At the time of migration, this element had more than 20 qualifiers, which was found to be unsustainable. The migration team decided to adopt the Resource Description and Access (RDA) guidelines[3] for descriptive cataloging.

For example, in DSpace one record’s author field was expressed as:
dc.contributor.author Bright, Donald E.
In CONTENTdm this field would be expressed as:
dc.creator Bright, Donald E., author

With more than 90,000 records to clean up in two weeks, there was no way this could have been done manually. The complexity of the metadata also meant that out-of-the-box software could not be used.

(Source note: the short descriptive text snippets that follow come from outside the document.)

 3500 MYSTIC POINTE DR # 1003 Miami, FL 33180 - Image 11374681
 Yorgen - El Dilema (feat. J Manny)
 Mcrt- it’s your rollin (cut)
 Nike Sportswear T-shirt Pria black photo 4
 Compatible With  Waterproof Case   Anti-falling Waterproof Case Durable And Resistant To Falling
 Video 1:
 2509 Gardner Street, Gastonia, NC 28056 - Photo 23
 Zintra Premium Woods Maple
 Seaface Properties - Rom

Therefore R was chosen for this task because of its data manipulation abilities.

Solution

  • Exported all collections metadata from DSpace into CSV files.
  • Used an R script to read CSV files and convert dc.contributor.* to dc.creator.
  • Updated collections in DSpace using the newly generated CSV files.
  • Migrated collections from DSpace to CONTENTdm (performed by OCLC).

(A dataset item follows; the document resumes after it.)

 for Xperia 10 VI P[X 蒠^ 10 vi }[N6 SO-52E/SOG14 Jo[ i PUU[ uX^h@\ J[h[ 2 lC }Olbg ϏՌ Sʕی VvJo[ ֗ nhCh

How the R Script Works Behind the Scenes

  1. Reads an exported collections’ metadata file, creates a copy, and adds the dc.creator column to the end if it doesn’t already exist.
  2. Scans files row by row. If a dc.contributor.* entry is found, manipulate the entry, place the new data in its dc.creator cell, and then delete data in the original dc.contributor cell. Scans for next dc.contributor entry until all dc.contributor.* columns are processed and move to the next record.
  3. Loops through and processes the next collection’s file in the folder until all CSV files have been processed.

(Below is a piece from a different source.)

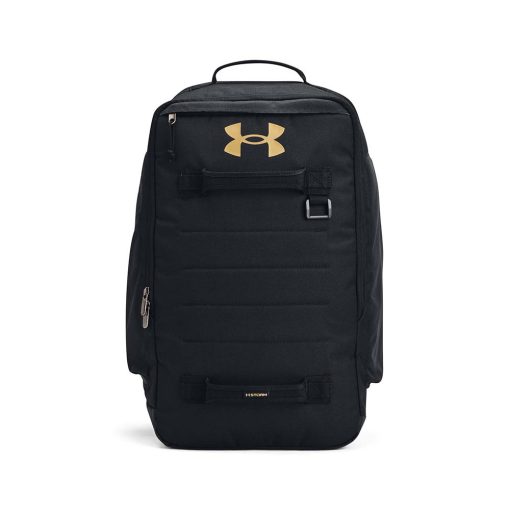 Ghiozdan Under Armour Contain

All names from dc.contributor.(qualifier) columns were modified and moved to the dc.creator columns. Some entries had only one author while others could have multiple authors with different qualifiers. The most difficult column to clean is dc.contributor.author. When items are added to DSpace, the system automatically attaches Universally Unique Identifiers, UUIDS to the entry. UUID is used to identify information across a computer system.[4] For example, ff4d344e-a2c5-4bfc-8271-553b416db8f0 is a UUID. The underlined example record in Figure 1 has three authors:

Albertson, Maurice L.::ff4d344e-a2c5-4bfc-8271-553b416db8f0::500||Birky-Kreutzer, Pauline::a588f279-d14b-4941-87f6-fc1ed5741ac6::500
And
Peach Corps (U.S.)

At the time of migration, we could not find software to clean up entries with UUIDS efficiently. However, looking closely, we found patterns. UUIDs begin with “::” followed by either 39 or 41 alphanumeric characters. If there are multiple authors, their names are separated by “||”. A programming script can easily extract names from these entries that contain UUID. Additional “dc.contributor” fields will be appended to the end of the entry if present.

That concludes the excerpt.